■ **Exercise description**
Exactly the lines below starting at the line with "2566 N Nob Hill" and ending at the line with "img Lanciostory Piu" are wanted, with both ends included. Leave out the pictures and add no other lines.

(Beginning of Data for analysis)

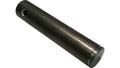 For AGCO Shaft Part # H126577C2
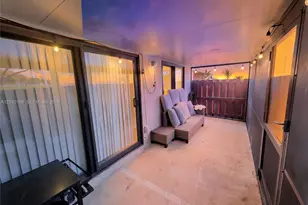 2566 N Nob Hill Rd, Sunrise, FL 33322 - Photo 15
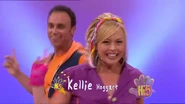 Kellie Jump And Shout.png (1.4 MB)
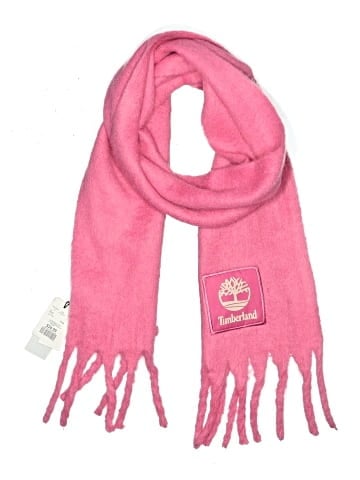 Timberland Scarf (view 1)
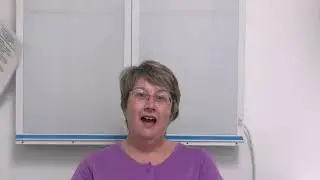 Richardson Texas Chiropractor Non-surgical Spinal Decompression Janet Marten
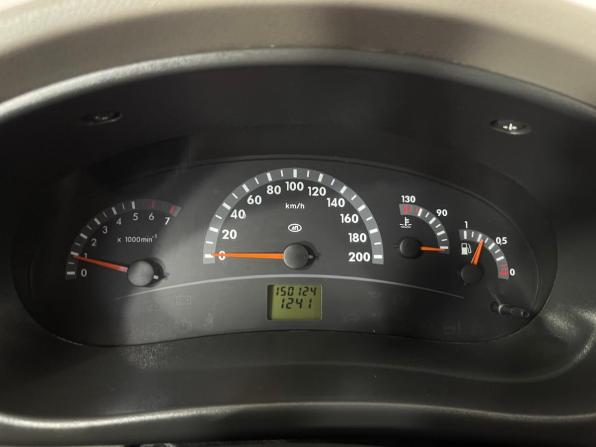 Lada (ВАЗ) Kalina I с пробегом 2010 года, цена 299 000 рублей, 150124 км, седан, Автокод Объявления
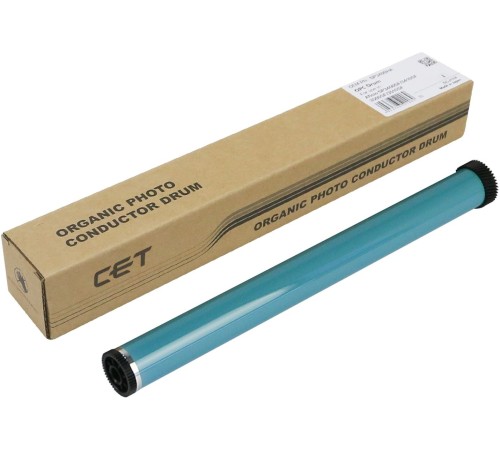 Барабан Cet CET6059N (SP3400HA) для Ricoh Aficio SP3400SF/3410SF/3500SF/3510SF 10000стр.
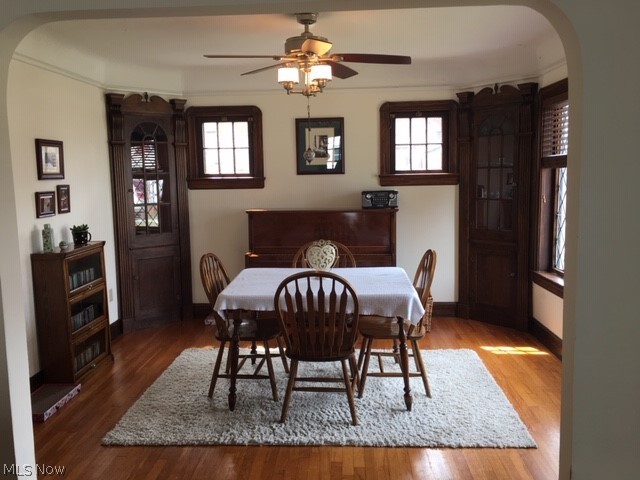 865 Medford Road Cleveland Heights, OH 44121 - Photo 8 of 35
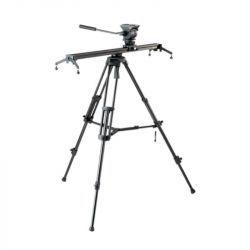 Stativbeine 75 mm
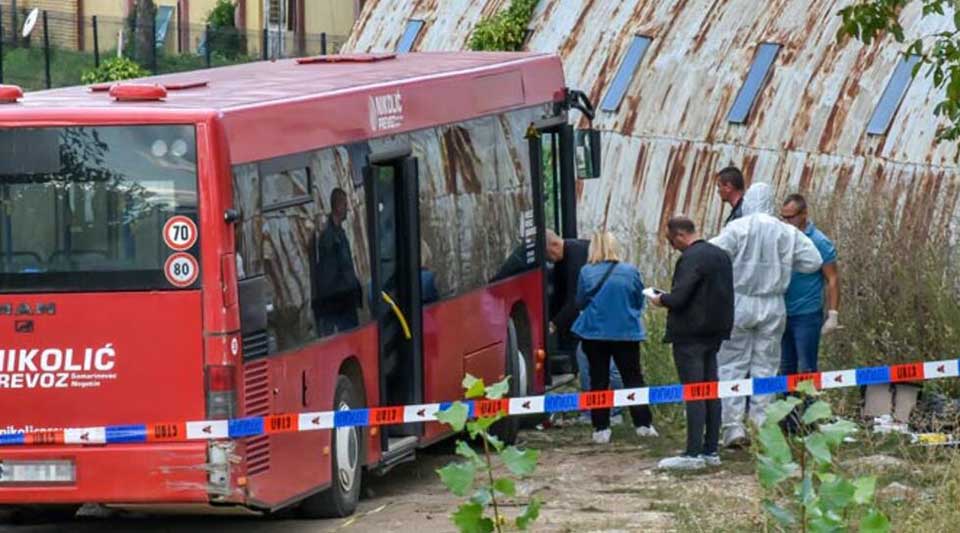 autobus horor samoubistvo.jpg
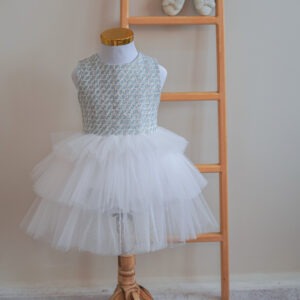 کت و سارافون گیسو (6)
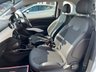 USED 2019 19 VAUXHALL ADAM 1.2 ENERGISED 3d 69 BHP SERVICE HISTORY!! 1 FORMER KEEPER!!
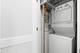 1331 W Taylor Unit 2W, Chicago, IL 60607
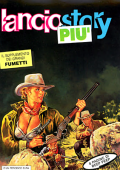 img Lanciostory Piu (06) Suppl.Lanciostory 0825 a17 n04 (Eura 1991-01)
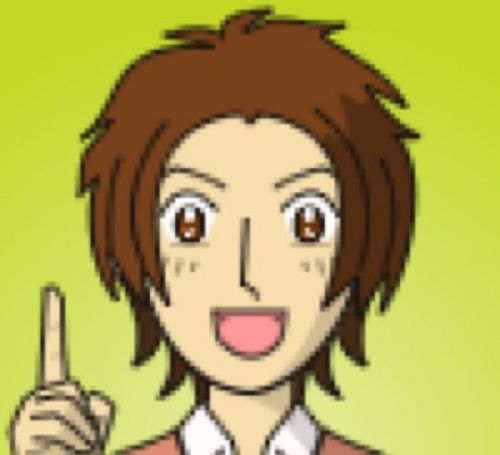 takeke_yunyu's profile picture. ネットを使っての個人で輸入ビジネス、輸入ネットショップを多数運営しております。
趣味はレース観戦、ドライブ、旅行、、サッカー(社会人サッカーチーム所属)、youtube、食べ歩きです(・∀・)
120％フォロー返しします!!メルマガ限定儲かる商品公開中
http://t.co/3O2gwom50Y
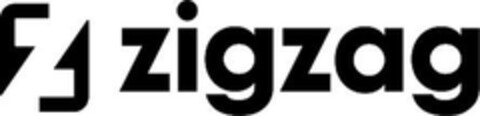 ZIGZAG Logo (EUIPO, 03/22/2024)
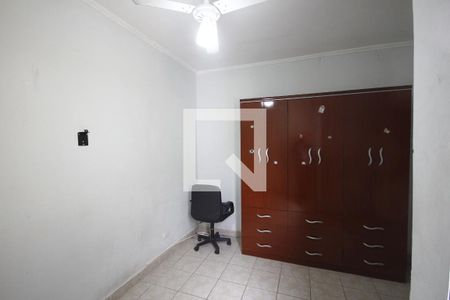 Quarto 1 de casa à venda com 4 quartos, 180m² em Vila São José, São Paulo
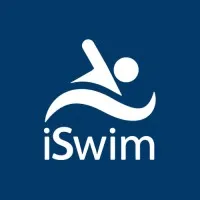 iSwim.me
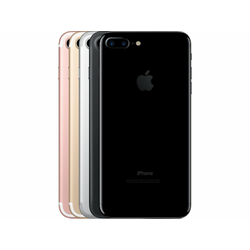 Apple iPhone 7 Plus 32GB, crni
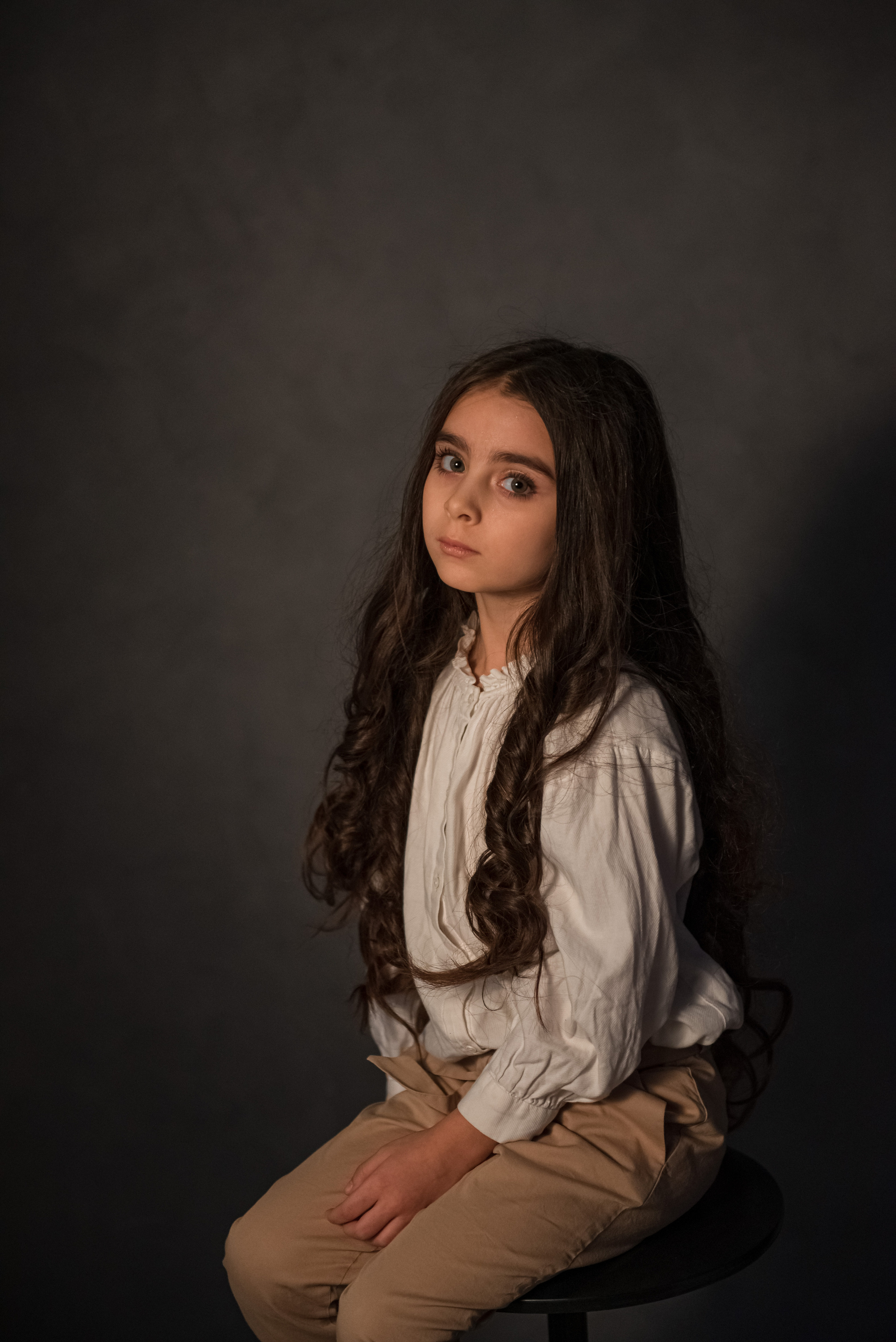 Фотопроект «Мамино счастье». Семейный и детский фотограф в Краснодарском крае Натали Фищенко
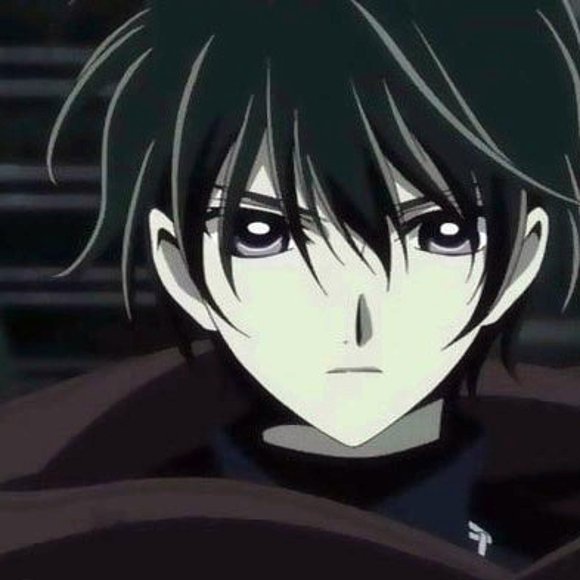 ¡¡¡¡¡¡¡¡¡¡¡¡¡¡¡ kAmUi¡¡¡¡¡¡¡¡¡¡¡¡¡¡¡¡¡¡¡¡&iex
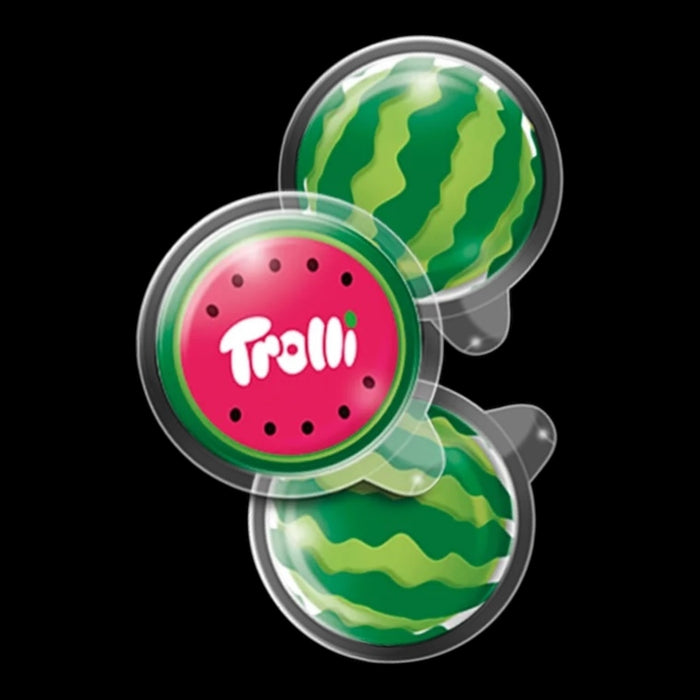 Trolli Watermelon Splash 20g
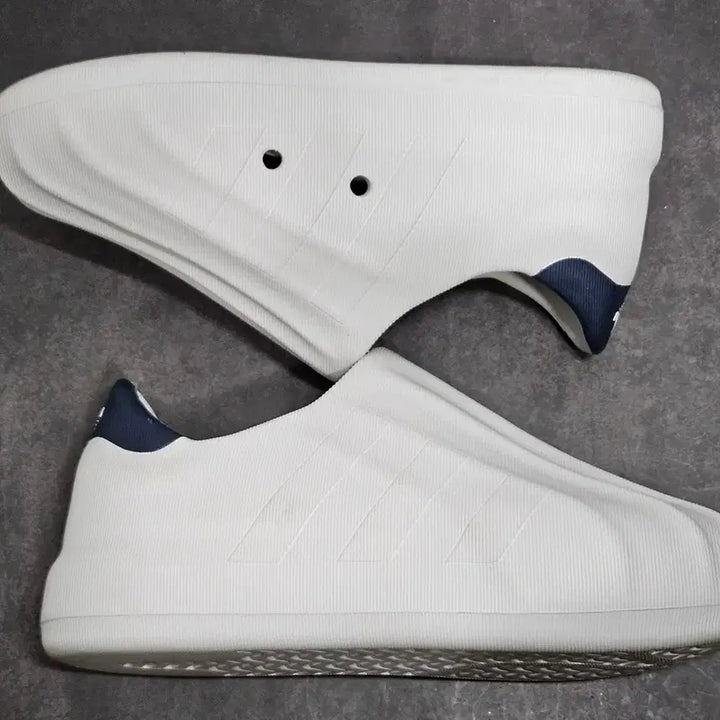 [BUNJANG] Adidas Adiform Superstar Sneakers / 아디다스 아디폼 슈퍼스타 235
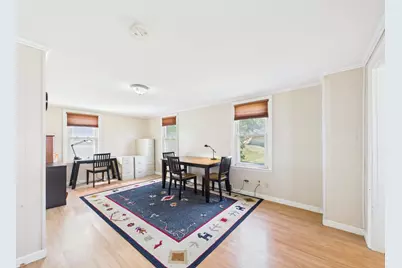 198 High Street, Caribou, ME 04736 - Photo 11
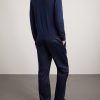 Wool Sweater - BK Wool Sweater - BK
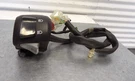 19 Honda Pcx 150 Front Left Turn Signal Control Switch 35200-K97-A01. Fixed Price $22.32.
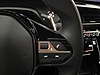 Vasıta / Arazi, SUV & Pickup / Peugeot / 2008 / 1.2 PureTech / GT
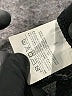 Active by Old Navy Black Active Pants Size L - photo 8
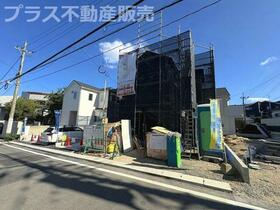 福岡県福岡市中央区笹丘２丁目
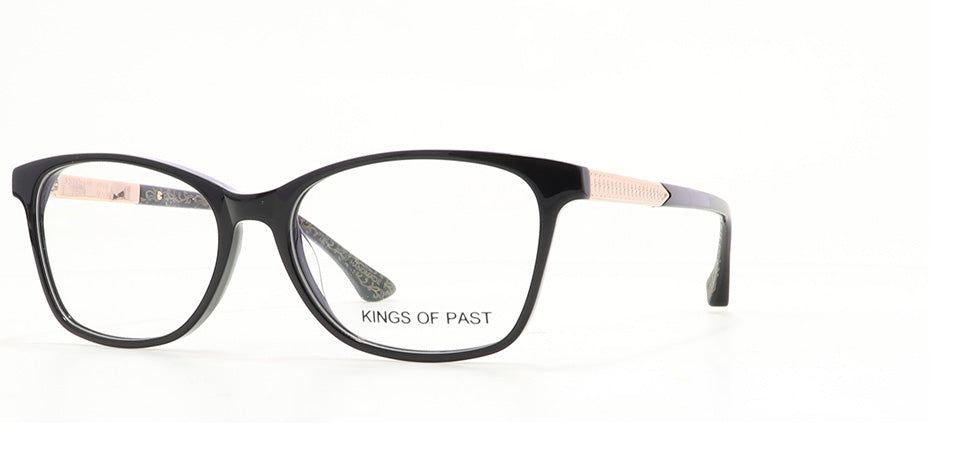 Image of Kings Of Past Eyewear Frames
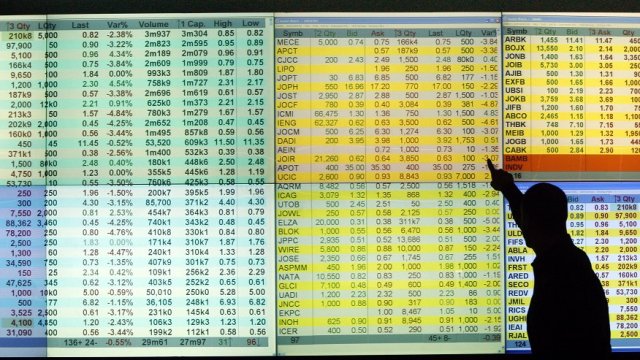 Снимка: Архив Ройтерс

(End of Data for analysis)

■ **Solution to the problem**
 2566 N Nob Hill Rd, Sunrise, FL 33322 - Photo 15
 Kellie Jump And Shout.png (1.4 MB)
 Timberland Scarf (view 1)
 Richardson Texas Chiropractor Non-surgical Spinal Decompression Janet Marten
 Lada (ВАЗ) Kalina I с пробегом 2010 года, цена 299 000 рублей, 150124 км, седан, Автокод Объявления
 Барабан Cet CET6059N (SP3400HA) для Ricoh Aficio SP3400SF/3410SF/3500SF/3510SF 10000стр.
 865 Medford Road Cleveland Heights, OH 44121 - Photo 8 of 35
 Stativbeine 75 mm
 autobus horor samoubistvo.jpg
 کت و سارافون گیسو (6)
 USED 2019 19 VAUXHALL ADAM 1.2 ENERGISED 3d 69 BHP SERVICE HISTORY!! 1 FORMER KEEPER!!
 1331 W Taylor Unit 2W, Chicago, IL 60607
 img Lanciostory Piu (06) Suppl.Lanciostory 0825 a17 n04 (Eura 1991-01)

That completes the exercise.